**Assigned task**:
Every line of the material is to be set down exactly as written.

**Given information**:
--------
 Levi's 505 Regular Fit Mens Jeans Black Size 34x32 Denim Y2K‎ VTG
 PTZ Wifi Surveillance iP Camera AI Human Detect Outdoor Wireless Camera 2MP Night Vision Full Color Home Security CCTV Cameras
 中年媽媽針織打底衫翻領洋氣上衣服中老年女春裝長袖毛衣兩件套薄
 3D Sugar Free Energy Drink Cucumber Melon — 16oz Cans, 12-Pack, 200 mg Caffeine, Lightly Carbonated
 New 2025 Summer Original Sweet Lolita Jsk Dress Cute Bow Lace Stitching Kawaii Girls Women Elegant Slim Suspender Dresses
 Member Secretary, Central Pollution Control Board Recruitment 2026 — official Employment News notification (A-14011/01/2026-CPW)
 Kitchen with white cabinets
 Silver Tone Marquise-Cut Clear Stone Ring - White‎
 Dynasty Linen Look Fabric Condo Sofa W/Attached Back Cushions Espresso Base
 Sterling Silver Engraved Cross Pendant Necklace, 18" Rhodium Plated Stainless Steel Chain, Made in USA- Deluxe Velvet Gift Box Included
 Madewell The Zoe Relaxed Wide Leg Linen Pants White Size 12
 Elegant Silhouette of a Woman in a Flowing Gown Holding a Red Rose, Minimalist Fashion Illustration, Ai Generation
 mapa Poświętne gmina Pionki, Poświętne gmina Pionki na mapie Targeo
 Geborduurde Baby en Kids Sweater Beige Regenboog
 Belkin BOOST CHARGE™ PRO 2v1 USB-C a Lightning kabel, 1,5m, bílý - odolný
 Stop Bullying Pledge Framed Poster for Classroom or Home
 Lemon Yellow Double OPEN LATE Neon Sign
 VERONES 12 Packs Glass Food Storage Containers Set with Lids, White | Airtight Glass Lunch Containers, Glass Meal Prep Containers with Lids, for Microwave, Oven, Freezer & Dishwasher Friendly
--------
**Problem solution**:
 Levi's 505 Regular Fit Mens Jeans Black Size 34x32 Denim Y2K‎ VTG
 PTZ Wifi Surveillance iP Camera AI Human Detect Outdoor Wireless Camera 2MP Night Vision Full Color Home Security CCTV Cameras
 中年媽媽針織打底衫翻領洋氣上衣服中老年女春裝長袖毛衣兩件套薄
 3D Sugar Free Energy Drink Cucumber Melon — 16oz Cans, 12-Pack, 200 mg Caffeine, Lightly Carbonated
 New 2025 Summer Original Sweet Lolita Jsk Dress Cute Bow Lace Stitching Kawaii Girls Women Elegant Slim Suspender Dresses
 Member Secretary, Central Pollution Control Board Recruitment 2026 — official Employment News notification (A-14011/01/2026-CPW)
 Kitchen with white cabinets
 Silver Tone Marquise-Cut Clear Stone Ring - White‎
 Dynasty Linen Look Fabric Condo Sofa W/Attached Back Cushions Espresso Base
 Sterling Silver Engraved Cross Pendant Necklace, 18" Rhodium Plated Stainless Steel Chain, Made in USA- Deluxe Velvet Gift Box Included
 Madewell The Zoe Relaxed Wide Leg Linen Pants White Size 12
 Elegant Silhouette of a Woman in a Flowing Gown Holding a Red Rose, Minimalist Fashion Illustration, Ai Generation
 mapa Poświętne gmina Pionki, Poświętne gmina Pionki na mapie Targeo
 Geborduurde Baby en Kids Sweater Beige Regenboog
 Belkin BOOST CHARGE™ PRO 2v1 USB-C a Lightning kabel, 1,5m, bílý - odolný
 Stop Bullying Pledge Framed Poster for Classroom or Home
 Lemon Yellow Double OPEN LATE Neon Sign
 VERONES 12 Packs Glass Food Storage Containers Set with Lids, White | Airtight Glass Lunch Containers, Glass Meal Prep Containers with Lids, for Microwave, Oven, Freezer & Dishwasher Friendly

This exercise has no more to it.